Колюпанов продолжил:
— В целом ночной караул нес службу бдительно, не нарушал устав. Ночью в мороз не прятался в затишек. И все-таки нашелся один… Он ушел с поста в хату погреться. Вроде и недолго, всего три-пять минут побыл… А что за эти минуты могло случиться?.. «Портянки в валенках отсырели. Зашел на минуту в хату переобуться», — оправдывался боец. Пять минут… А сколько врагу нужно, чтобы добежать, скажем, от окраины деревни до штабной хаты и забросать ее гранатами? Давайте вместе прикинем.
— Две-три минуты… Если бежать от околицы.
— А если через огород прямо из леса?
— Одна-две…
— Вот в том-то и суть! Пост — это священное, неприкосновенное и непокидаемое ни при каких обстоятельствах место. Сам погибай, а пост не бросай. Приведу вам такой пример. В одном из пограничных военных городков начальник караула при отступлении не снял с поста часового — так сложились обстоятельства. Городок горел. Фашисты обошли его с двух сторон. Жители уговаривали бойца оставить пост и уйти с ними, пока не поздно. Но воин остался верен уставу и присяге. Он был голоден — вторые сутки ничего не ел. А рядом — склад с продовольствием, протяни руку и бери, что хочешь. Однако боец и тут не поддался соблазну.
— И что ж с ним потом было? — загорелся молодой десантник в теплой стеганке.
— А что было! Наши войска контратаковали противника, ворвались в городок и отбили его. Того героя снимал с поста сам командир части. Расцеловал его и в тот же день представил к награде. Брось он пост — разграбили бы склад мародеры.

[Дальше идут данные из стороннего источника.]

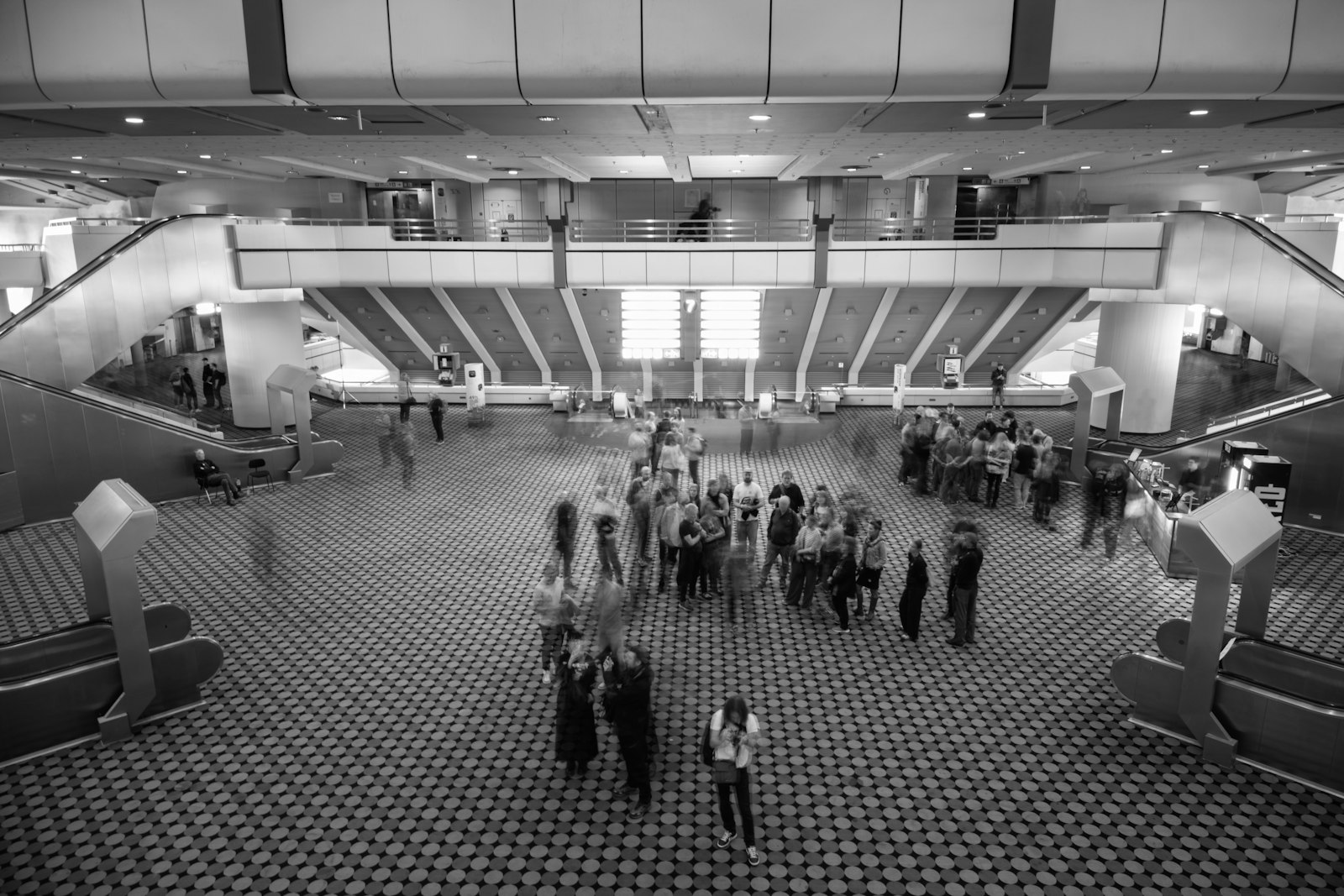 People gathered in a large, modern atrium with escalators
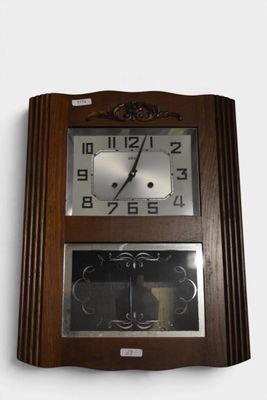 a clock that is hanging on the wall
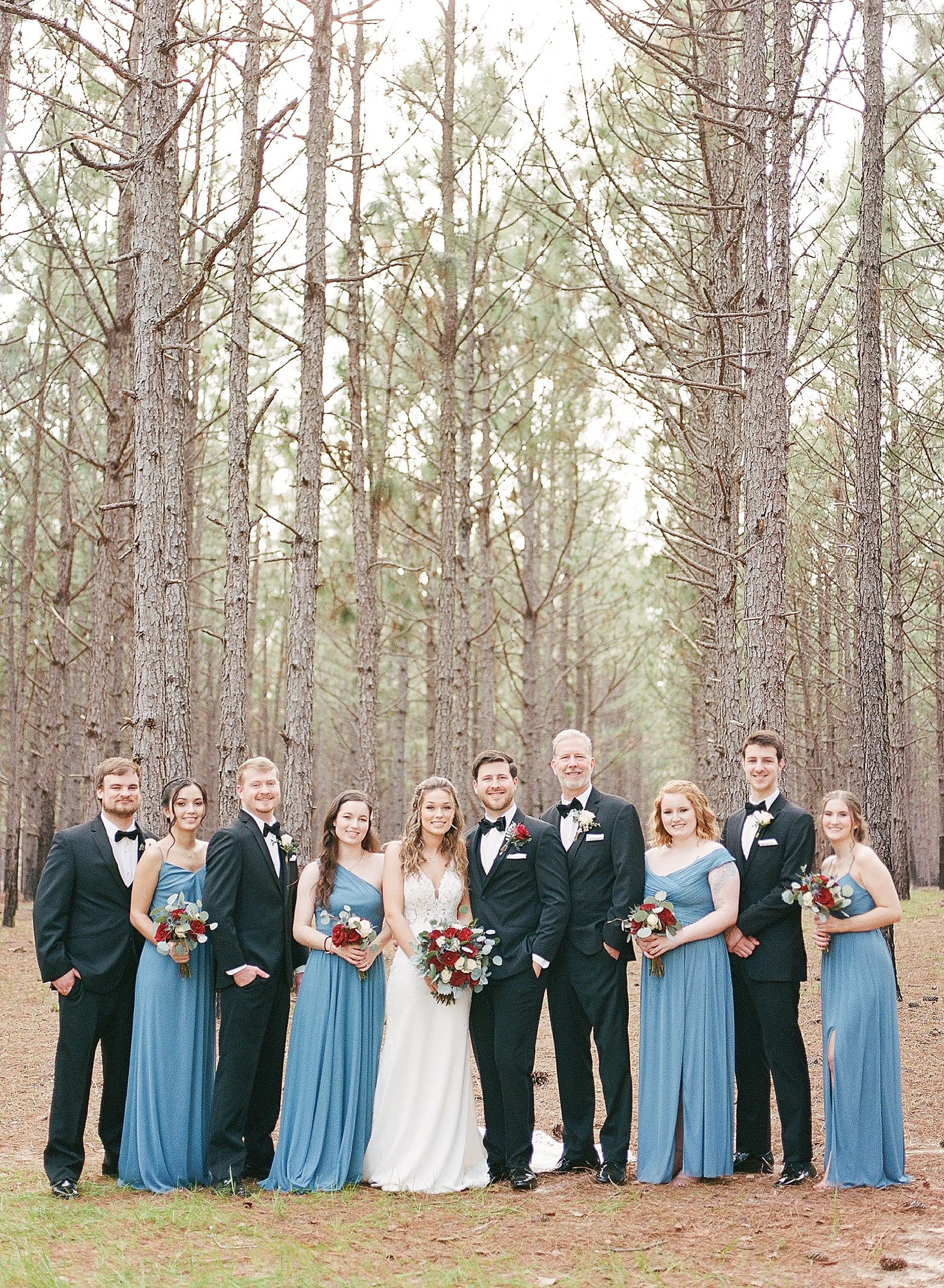 Bride and Groom with Bridal Party in Pine Trees Photo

Политрук помолчал, скрестив руки на столешнице, заговорил снова:
— У нас тоже есть с кого брать пример. Вчера к одному человеку подошла старушка. Приметила она еще в избе, что у него плохенький полушубок, принесла ему тулуп сына-пограничника, погибшего на заставе. «Снимай свой кожух, сынок, переодевайся». — «Нет, мамаша, не положено мне на посту отвлекаться, — ответил боец. — Вот сменюсь — тогда и переоденусь». Поняла старушка: продрог солдат, но не сойдет с места, не отвлечется. А жалко малого. Простудится, пропадет. И тогда она накинула ему тулуп на плечи.
В хату вошел старшина-хозяйственник. Его усы, брови, автомат, висевший на шее, были седыми от инея.
— Лошади накормлены, груз на санях, товарищ майор, — доложил он с порога. — Можно ехать.
Услышав об отъезде, старушка-хозяйка, вошедшая в хату со двора вслед за старшиной, забеспокоилась.
— Господи! Да куда же вы в такой морозище! Померзнете, как птицы на лету. Пообождали бы денек-другой, авось потеплеет.
Алексеев отпустил бойцов, старшину и обратился к ней:
— Спасибо, бабушка, за обогрев, приют, но теплые хаты пока не для нас. Дела ждут неотложные. Вы знаете о них. Врага надо бить, поскорее кончать с войной.
— То-то и оно! Война… Сколько людей под открытым небом!
— Мы — люди привычные, мамаша, — сказал политрук. — Огнем опаленные, морозом каленые, кострами закопченные. Родное небо — крыша отчая.
— Вы-то да. А каково бездомным матерям и детям? Каждую ночь небо в пожарных сполохах. Поглядеть — за Друтью пожар, за Березиной — пожар… А вить то не костры жгут, а хаты, людской кров.
Старушка уткнулась в конец шали, зашмыгала носом. Колюпанов повесил на плечо автомат, подошел к ней, по-сыновьи обнял:
— Не плачь, мать. Скоро уймем пожары. Всех поджигателей с родной земли сметем.
— Дай бог-то… Дай бог, — ответила старушка, утирая концом шали глаза.
Она заглянула на печку, покликала мужа:
— Дед, очнися! Уезжают гости наши.
— Так что ж тут сказать, — отозвался старик. — Им виднее, что и когда… Они — люди военные. С богом… Сухого пороха, меткого глаза…
В сенях сухо заскрипели шаги, и в хату в клубах морозного воздуха ввалился с плеткой в руке командир отделения конной разведки.
— Разрешите доложить, товарищ майор?
— Докладывайте, — кивнул Алексеев, накидывая на полушубок ремень с пистолетом и гранатной сумкой.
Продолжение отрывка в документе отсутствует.